“Rama’s Eshwaram,” Rameswaram is the temple dedicated to Lord Shiva. Also known as Ramanathaswamy Temple (temple of Rama’s Lord), it is located on Pamban Island, in the Ramanathapuram district of Tamil Nadu, India.
Rameswaram temple represents one of the 12 Jyotirlingas. Moreover, the temple is also one of the Char Dhams (four holiest abodes) of Hinduism, along with Badrinath, Dwarka, and Jagannath Puri.
The temple is not only signified as a Dham but is as well a prominent destination for Kashi Yatra. It is said that the yatra of Kashi is incomplete without the yatra of Rameswaram.
Every bit of this temple is related to the incident of the eminent epic Ramayana, and thus, it portrays the perfect example of Shaivism and Vaishnavism unity. It was Lord Rama who installed the lingam; however, the entire construction of the temple was led down by several rulers over the centuries. Mainly the temple houses two lingams known as Ramalingam and Shivalingam. Shivalingam is still worshipped as the first to preserve the words of Lord Rama.
According to the Ramayana, After the victory in Lanka and Ravana‘s downfall, Rama with Devi Sita and his army returned to Rameshwaram. By killing Ravana, Rama had committed a sin because Ravana was not only the king but was also a Brahmin. And as per Hindu scriptures, killing a Brahmin is deemed the most dreadful sin called Brahmahathi Dosha. Thus, Rama prayed to Lord Shiva to absolve his sins.
As advised by Rishi Agastya, Lord Rama decided to establish Shivalinga in Rameswaram and perform the rituals to wash off Brahmahati Dosha. Therefore, Rama directed Hanuman to bring the Shivalinga from Mt. Kailash. The rituals had to be performed within a specific time period, but Hanuman delayed bringing the Shivalingam. Hence, Mata Sita created a small lingam from the sand available on the beach called Ramalingam. Ram further established the great Shivalinga of black stone near the small lingam brought by Hanuman shortly after the establishment of Ramalingam, which is considered to be the shrine of Jyotirlinga.
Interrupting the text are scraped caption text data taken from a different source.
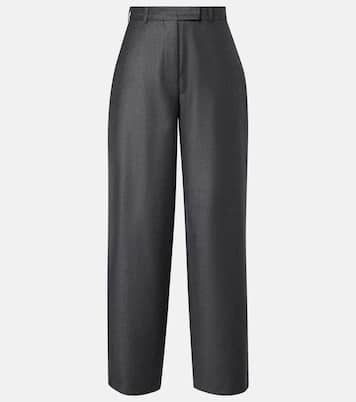 Virgin wool flannel wide-leg pants  | Róhe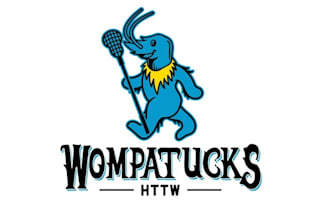 design a fun vibes lacrosse lobsters sports logo with a creative mascot style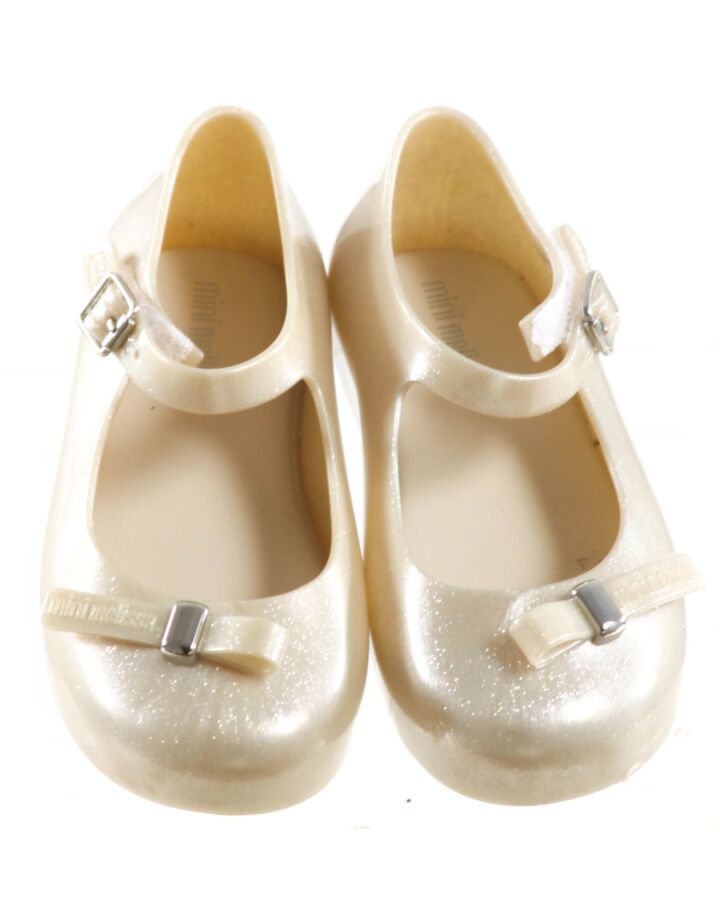 MINI MELISSA GOLD MARY JANES  *EUC SIZE TODDLER 9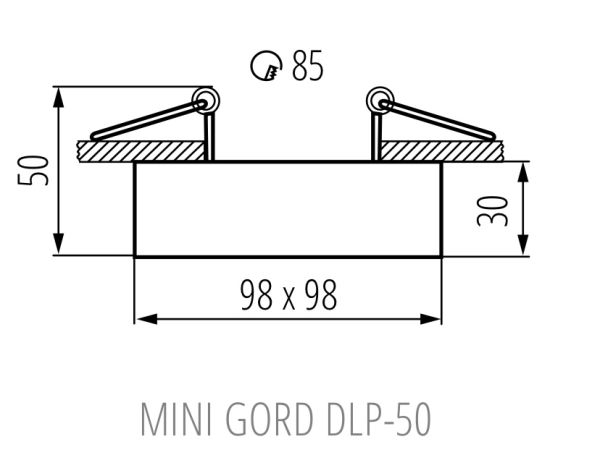 Точечный светильник Kanlux MINI GORD DLP-50-B (28781) черный - фото 2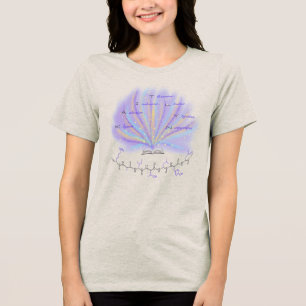 Camiseta Triblenda KAITLYN péptido, libro mágico, texto personalizado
According to the inscription available in the temple, it is believed that King Parakramabahu of Sri Lanka enlarged the ancient shrine at Rameshwaram in the 12th century, and additions were made by the Panday’s, the Nayak rulers of Madurai, followed by the kings of Ramanand. Many dynasties came and fell, and each put its own input into the temple during the construction period. However, one thing that did not change during all those constructions was its Dravidian style of architecture.
Architecture and Features
Ramanathaswamy Temple is the finest example of Dravidian architecture. The unique features in the construction of the temple seem to be endless. The temple is spread over 15 acres and has lofty gopurams, massive walls, and a colossal Nandi. The temple compound is located inside high walls and accessed through tall towers known as Gopuras on the sides.
There are two gopurams, one in the East and one in the West. The one in the East is 78 feet high with five tiers. The one in the West is 126 feet high, has nine tiers, and is known as raja gopuram.
Another famous feature of Ramanathaswamy Temple is sixty-four wells (teerthams) in and around the temple premises. According to Skanda Purana, twenty-four of them are important. Among them, 22 wells spread throughout the premises. Surprisingly, water from each well tastes different even if they are very near each other and have curative features. So Devotees take a bath in teerthams before they enter the temple, and it is believed that these holy waters can help observe salvation and wash off all the sins and regrets in one’s life.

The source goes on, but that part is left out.